If you run your architecture in Kubernetes, you can run in Azure, Google Cloud, Digital Ocean, AND AWS at the same time. You can round-robin your DNS into multiple Nginx ingress controllers and just be done. You can update your DNS entries to remove an entire cloud provider from rotation. Although there are still some single points of failure (i.e., your DNS system), we can begin minimizing the impact of a single cloud outage.

You don’t have to solve all of the problems at once! Consider placing just your frontend systems into multiple providers. Perhaps moving your API services into multiple providers works well too. Your database might be homed to a single region for now. That’s okay (for now).

What can I do?

  1. Make a decision that you’ll require new architecture decisions to consider at least one non-AWS service instead of blindly accepting dependencies on services like SNS, SQS, S3, etc.
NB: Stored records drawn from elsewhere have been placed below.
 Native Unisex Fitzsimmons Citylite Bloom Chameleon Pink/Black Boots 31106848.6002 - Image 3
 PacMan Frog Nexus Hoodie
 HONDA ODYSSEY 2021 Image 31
  2. Bring on-board a database administrator. You use AWS RDS, so why would you need one? Finding the right DBA will help you become cloud-agnostic faster. The right DBA can set up a multi-region database and minimize your downtime. They can analyze your query syntax, index performance, security, and more when your database is stable. Also, your DevOps/SRE/Platform team will thank you that they aren’t answering database issues anymore.

  3. Use custom-built libraries (npm packages, gems, crates, etc.) any (and every) time you call an AWS service. Create functions like send_message or enqueue_work_item that can be re-written in the future to support other cloud providers. Using a library will allow you to re-write a handful of functions and migrate large swaths of application pieces into new providers. This is one of the libraries you absolutely must have solid unit tests and mocking in! Don’t compromise.
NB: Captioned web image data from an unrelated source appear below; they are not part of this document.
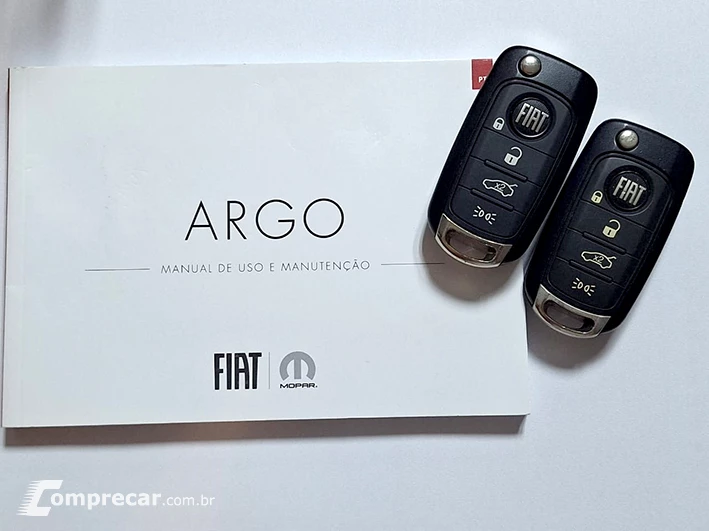 ARGO 1.0 Firefly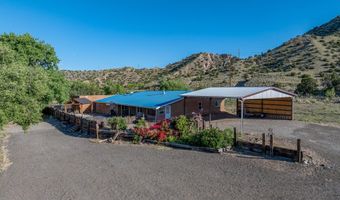 20658 Highway 84, Medanales, NM 87548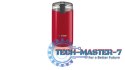Młynek do kawy TSM6A014R czerwony Młynek do kawy TSM6A014R czerwony
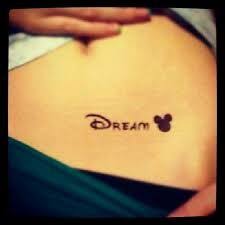 Disney Tatouage Disney Tatouage Beau Tatouage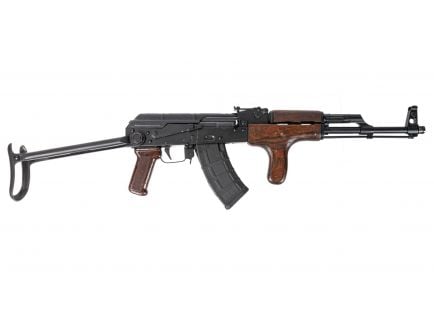 PSAK-47 GF5-R  Underfolder Romanian Kit Build with Reverse Dong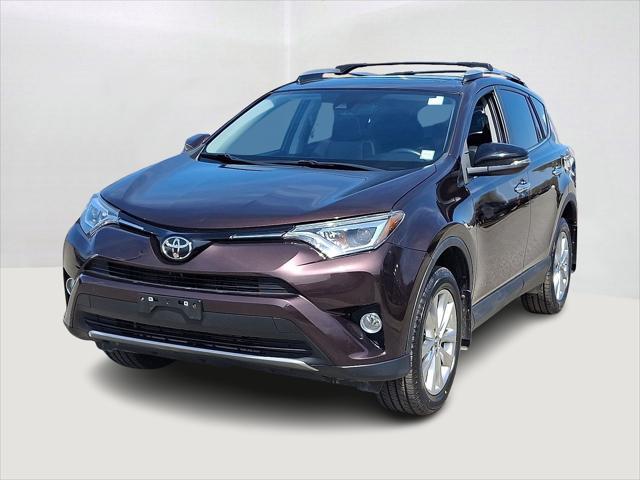 2018 Toyota RAV4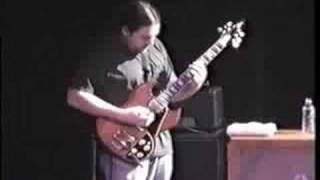 Clutch - Foot Jam Live 10/17/97 9:30 Club, Washington, Dc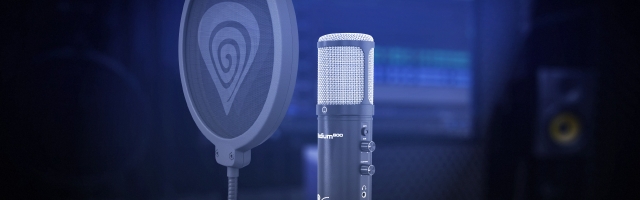 Radium 600 Microphone Review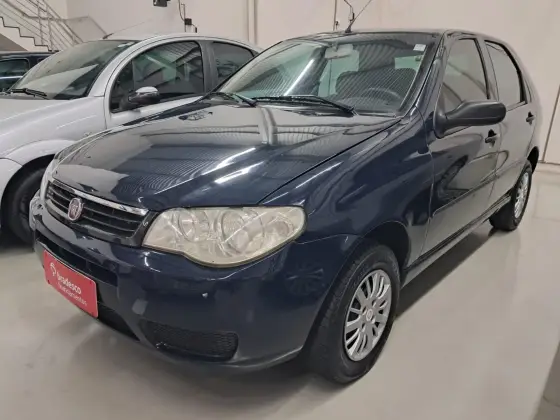 FIAT PALIO 1.0 MPI FIRE ECONOMY 8V FLEX 4P MANUAL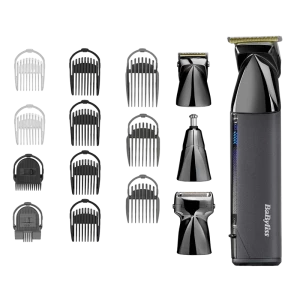 Trimmer pentru bărbați BaByliss MT991E, Grey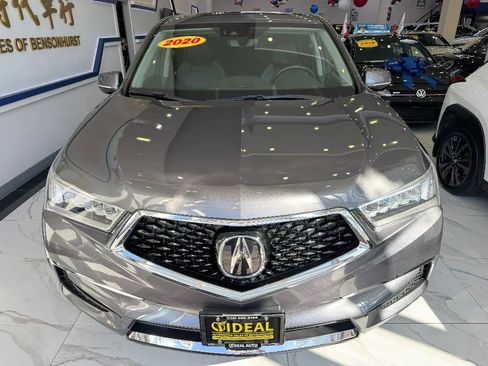 Used 2020 Acura MDX SH-AWD w/ Technology Package image 2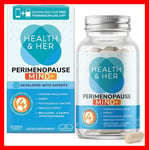 VITAL Health & Her Perimenopause Mind+ Supplement Capsules 30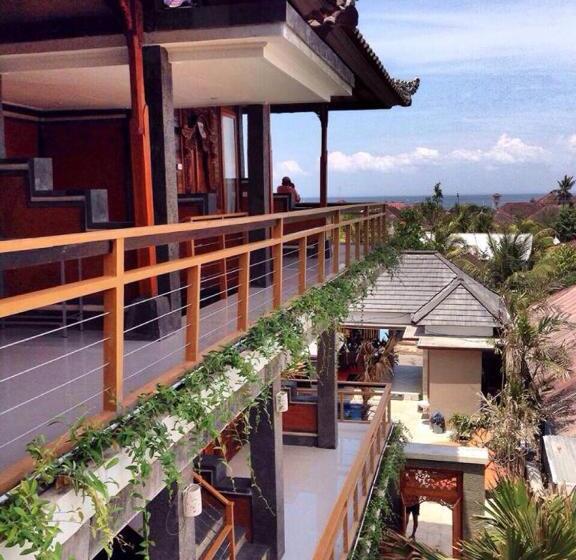 Номер Deluxe, D Camel Hotel Lembongan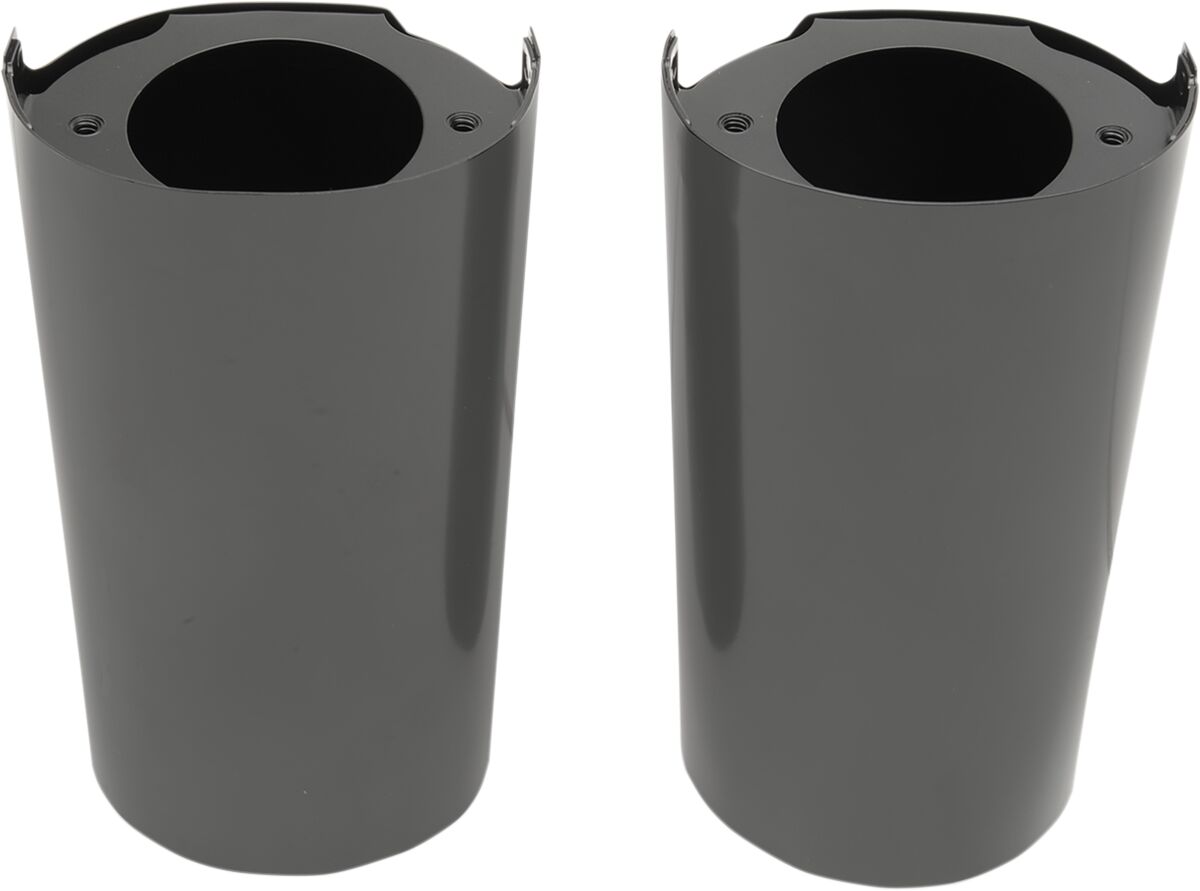 Drag Specialties Fork Slider Covers — 77485B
  4. Start a journey towards Kubernetes. Kubernetes will run anywhere. Helm Charts make it easier to re-deploy your infrastructure in another cloud provider. Your account rep at AWS knows this too. This is a strategic advantage when negotiating contracts. If you’re not working towards a fully containerized deployment model, your account reps have no reason to believe you’ll move to another provider. You’re locked in.
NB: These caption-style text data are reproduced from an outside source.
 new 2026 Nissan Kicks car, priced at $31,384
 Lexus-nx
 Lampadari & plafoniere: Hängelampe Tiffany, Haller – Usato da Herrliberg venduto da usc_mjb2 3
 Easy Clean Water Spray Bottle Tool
  5. Ask for help. You’re not in this alone. Your team wants to help, and your peers want to share their journey. Contractors want to help you. Your problems are not unsolvable. I’m willing to bet multiple other companies have solved similar issues before.

Even if you don’t want to be a multi-cloud company, these questions will help you support higher availability metrics. You can use the same mentality in a multi-region approach. Remember, if Kubernetes runs in multiple clouds, it also runs across multiple regions.